Please return exactly the lines from the top of the data through the line that contains "DFB Abzeichen 2010", and skip all pictures.

** THE INPUT **
= Beginning of Section =

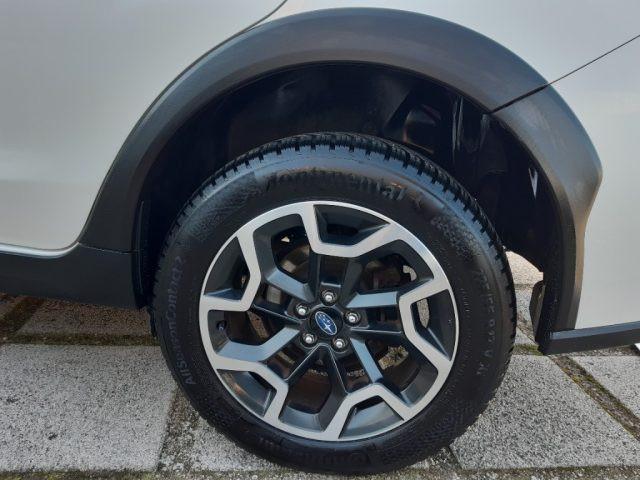 SUBARU XV 2.0D Unlimited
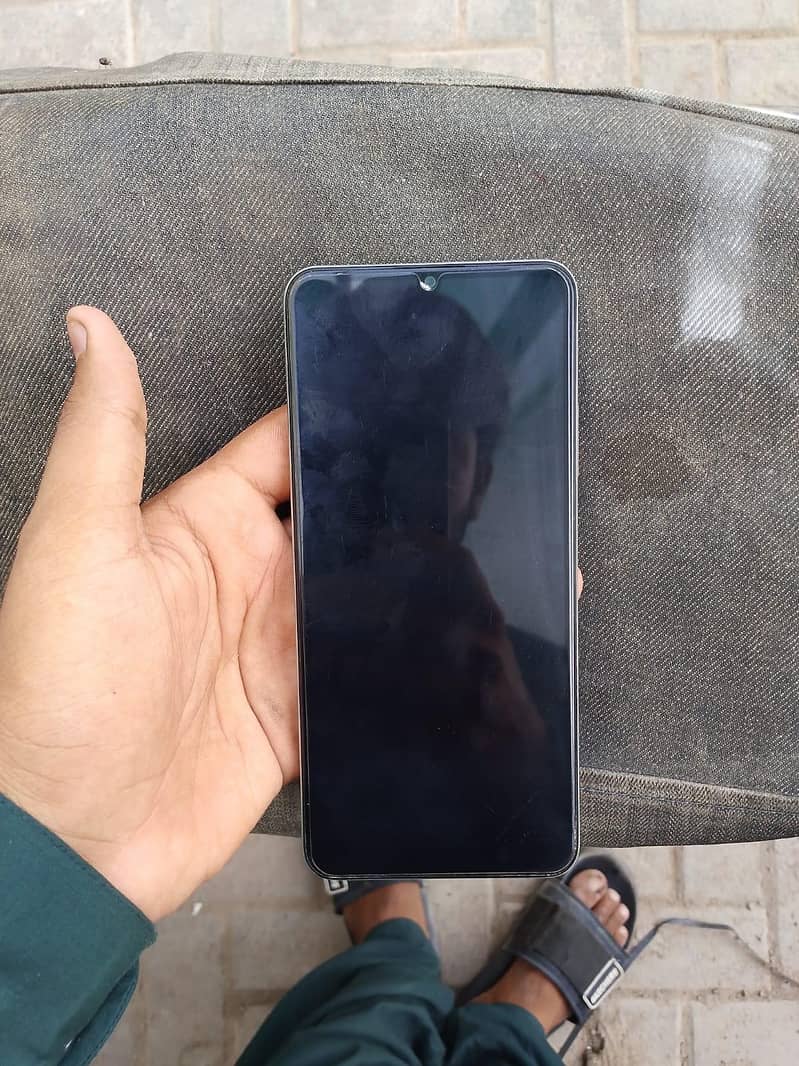 Realme Note X 1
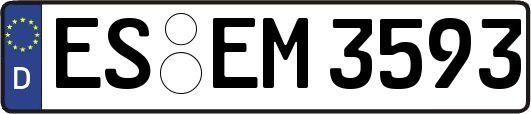 ES-EM3593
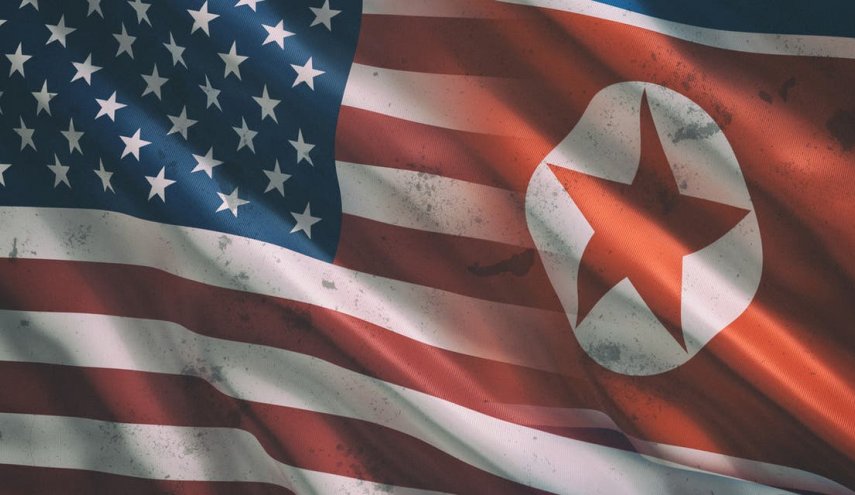 واشنطن وسيئول تتفقان على أن الحوار مع بيونغ يانغ مازال ممكنا 
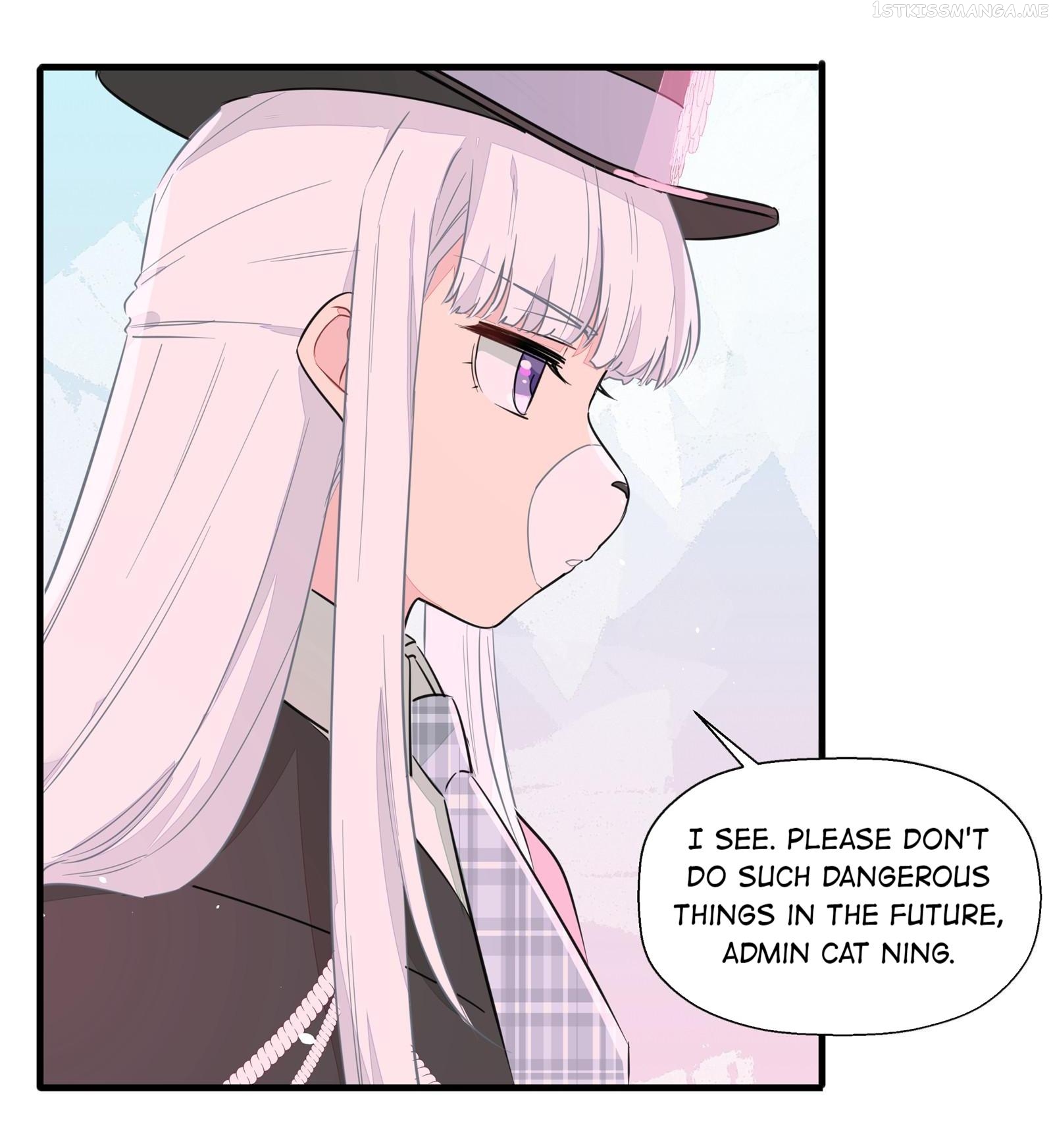What Should I Do If I’ve Signed A Marriage Contract With The Elven Princess Chapter 45.2 - page 14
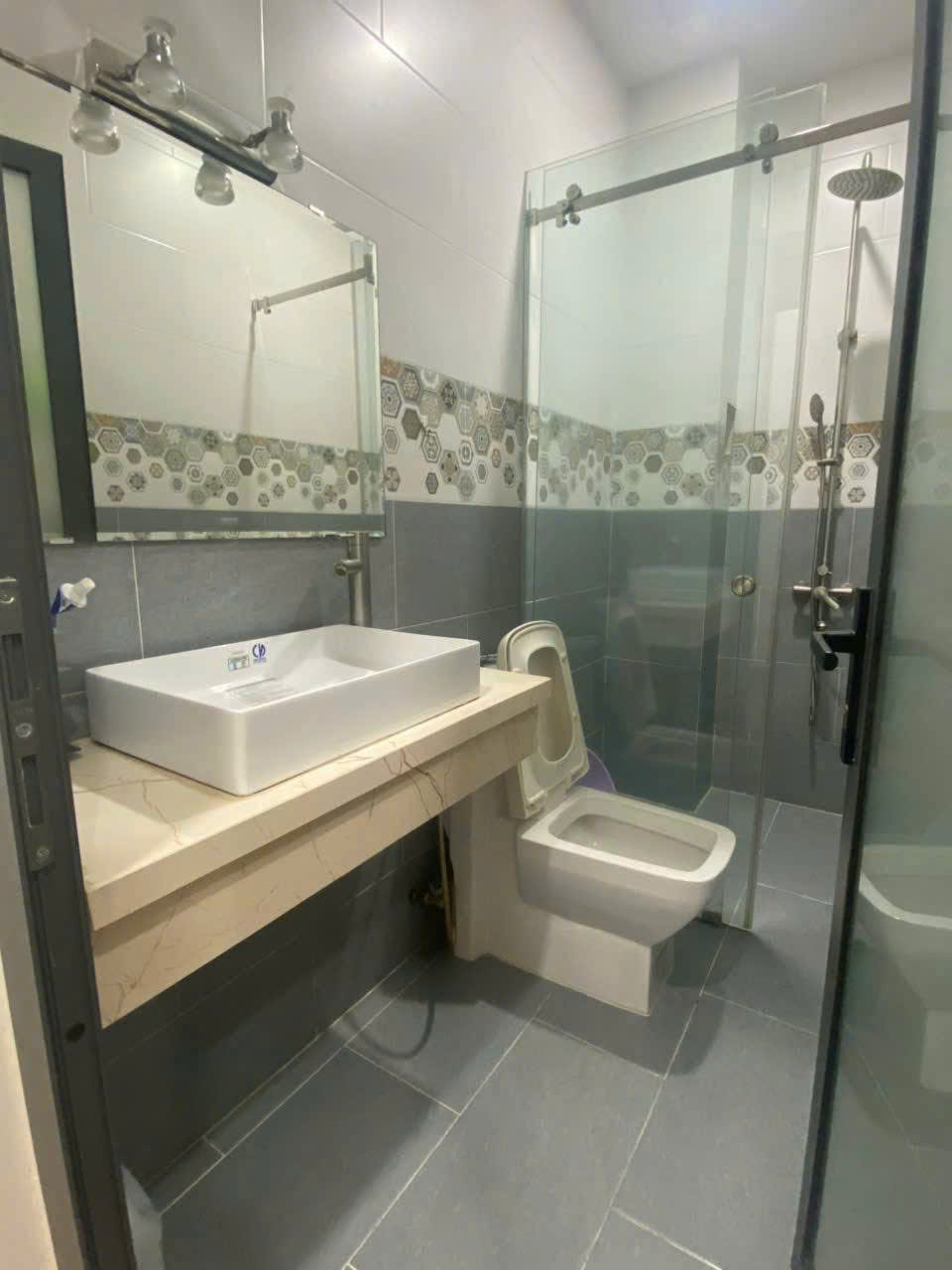 GIẢM NGAY 2 TỶ – BIỆT THỰ MINI (8x15) 1 TRỆT 3 LẦU – VỊ TRÍ ĐẮC ĐỊA – GIÁ CHỈ 10.99 TỶ - Ảnh 4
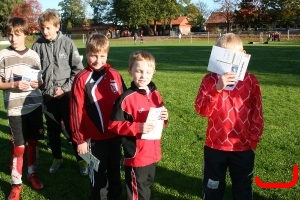 DFB Abzeichen 2010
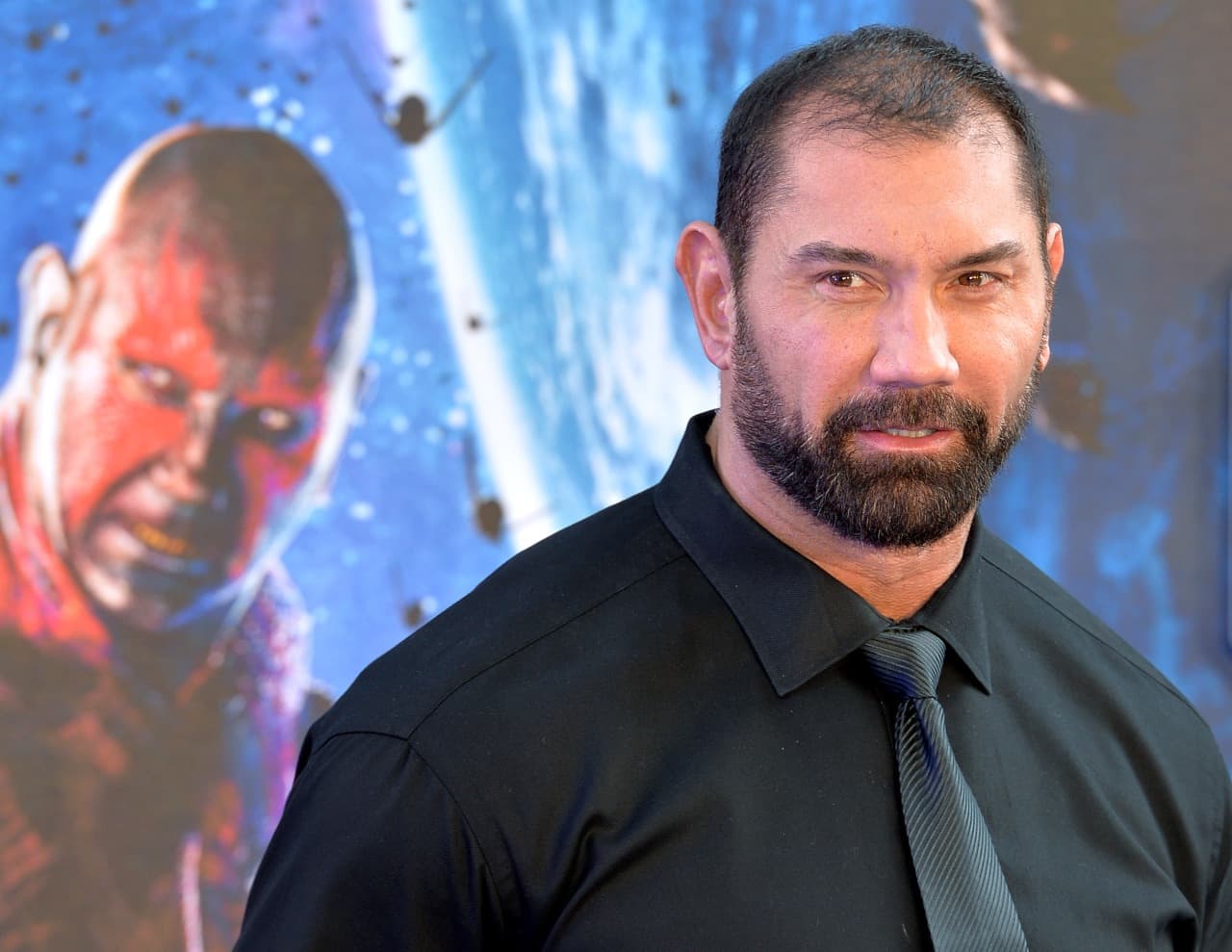 Dave Bautista confirma que dejará Marvel después de ‘Guardianes de la Galaxia Vol. 3’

= End of Section =

** ANSWER **
 SUBARU XV 2.0D Unlimited
 Realme Note X 1
 ES-EM3593
 واشنطن وسيئول تتفقان على أن الحوار مع بيونغ يانغ مازال ممكنا 
What Should I Do If I’ve Signed A Marriage Contract With The Elven Princess Chapter 45.2 - page 14
 GIẢM NGAY 2 TỶ – BIỆT THỰ MINI (8x15) 1 TRỆT 3 LẦU – VỊ TRÍ ĐẮC ĐỊA – GIÁ CHỈ 10.99 TỶ - Ảnh 4
 DFB Abzeichen 2010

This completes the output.